I'm working on a following question:
Let $S$ be a set of students who solve maths problems. $P$ is the subset of $S$ containing all students who eat pizza while they solve problem; similarly $C$ is the subset of students who drink coffee, and $M$ is the subset of students who listen to music. Given that:
- there are $225$ students in the set $S$;
- $100$ of them eat pizza, $75$ drink coffee, and $50$ listen to music;
- $7$ students eat pizza and drink coffee, $4$ eat pizza and listen to music, while $31$ students drink coffee and listen to music;
- one student indulges in all three problem-solving stimulants, and is therefore included in all the earlier figures;
How many students are there who solve maths problems without any pizza, coffee or music?

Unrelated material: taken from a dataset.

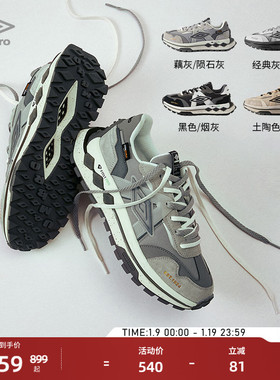 umbro茵宝官方飞船鞋复古休闲鞋户外男女同款经典厚底老爹运动鞋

I have calculated how many students do each of them (but only one) and from there the answer the the question as follows: $$\#(P \setminus M \setminus C) = 100 - 6 - 4 +1 = 91\\ \#(C \setminus P \setminus M) = 75 - 6 -30 +1 = 40 \\ \#(M \setminus P \setminus C) = 50 - 3 -30 +1 = 18$$ ($\#(P \setminus M \setminus C) = 100 - 6 - 4 + 1 = 91$ because there are 100 people who eat pizza, 7 of which have pizza and coffee (minus 1 that does all three), 4 that have pizza with music (minus 1 that does all three) and the one that does all).
Then, $\#(S \setminus P \setminus C \setminus M) = 225 - 90 - 40 - 18 - 6 - 3 - 30-1=35$ (#S - #(only P) - #(only C) - #(only M) - ...).
I have a feeling that this is either wrong or done in a horribly wrong way. IS it correct/is there any other way?